From finding and touring memory care residences to finalizing legal documents to managing the memory care move, it will take at least 2 months to sort out the logistics of moving your loved one into memory care. For most families, 3-4 months is more normal. Financial hurdles, like getting covered by Medicaid, obtaining VA pension benefits or finding other payment support will take even longer. Even with professional financial planning assistance, it can take 6 months to arrange payment.
It is highly advantageous to be prepared when the times comes for memory care rather than to be scrambling. The onset of the need for memory care is just as like to be sudden as it is to be gradual. Patient behavior can change dramatically accelerating the need for memory care. However, unexpected changes with primary caregivers is just as likely to initiative the need. Since many caregivers are spouses and elderly themselves and they often push themselves beyond their own limits, caregiver injuries are more common than thought.
Another benefit of starting early is that it can let your loved one actually have a say in the decision. Making the decision in later stages of the disease, when the largest stakeholder can’t communicate well because of symptoms, will only exacerbate emotions including the guilty feelings that often come with this change.
The sooner the preparation begins, the more likely it is to be a positive transition.
Memory care is not the same as assisted living or a nursing home. The difference between memory care and assisted living is that memory care is specifically for people with Alzheimer’s disease, or related dementia, because they require a higher level of skilled care and supervision. Also called Special Care Units or Alzheimer’s Care Units, memory care communities usually offer shared and private spaces. Sometimes memory care exists as a wing within assisted living communities or nursing homes.
When compared to memory care, nursing homes are more expensive, more restrictive to the individual and provide a higher level of care. Nursing home candidates are typically accessed and found to require a “nursing home level of care”, which is a formal designation. Not all, not even close to all, persons with Alzheimer’s disease require nursing home level of care at the early or middles stages of the disease.
Memory care has more frequent safety checks than assisted living (patients are monitored 24 hours per day), and staff is specially trained to meet the needs and demands of residents who have difficulty with basic tasks because of dementia symptoms, from early to mid and late stages. Memory care units, therefore, offer most of the same services as assisted living, but with increased supervision and more routine, including structured activities to stimulate memory and hopefully slow the disease’s progression. These activities might involve music or pet therapy, games, arts and crafts, etc.

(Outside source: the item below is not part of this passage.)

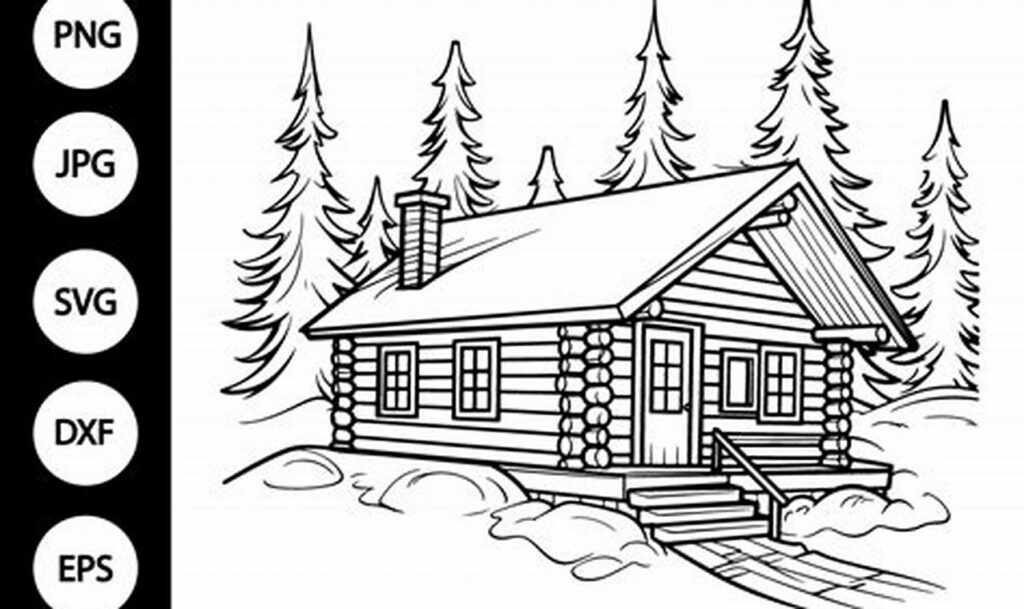 snowy cabin outline tracing for young learners winter scenery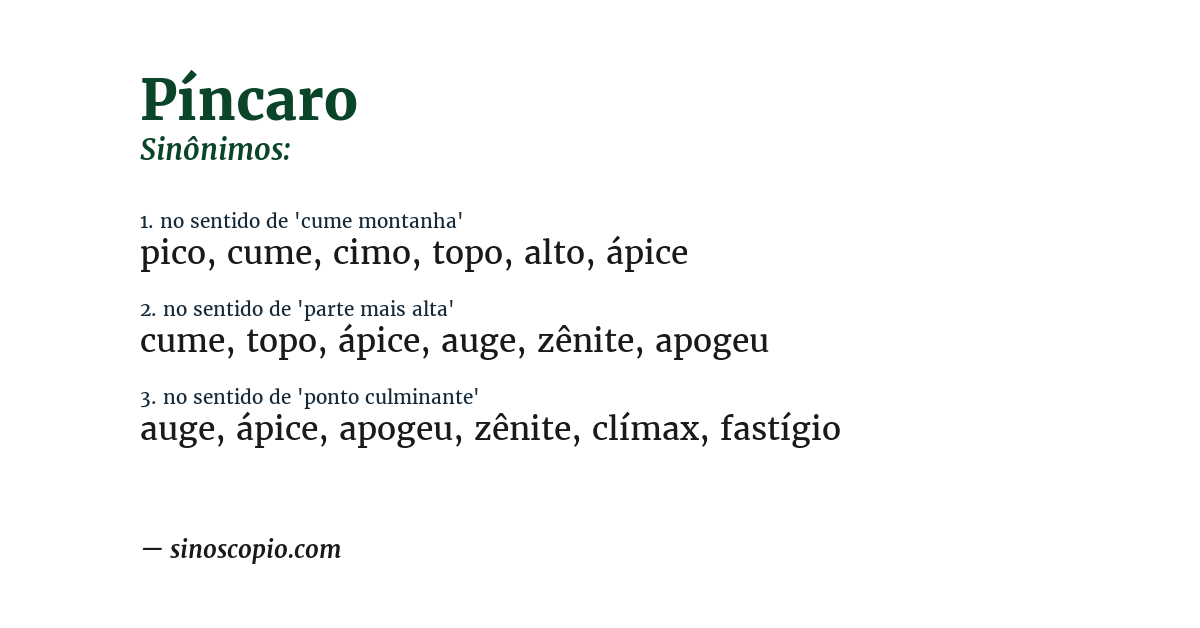 Sinônimo de píncaro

Memory care residences are also constructed differently, with enhanced security to prevent behavior like wandering. The hallways often run circular because patients with dementia will become upset when they encounter a wall. There aren’t individual kitchens in memory care, to cut down on stress and accidents. The colors, lighting, and even accouterments like fish tanks create an atmosphere that is more soothing for people with dementia.
Memory care typically costs more than assisted living, on average $1,000 more per month because of the need for specialized care. However, memory care costs significantly less than nursing home care, perhaps several thousand less per month depending on the state in which one resides.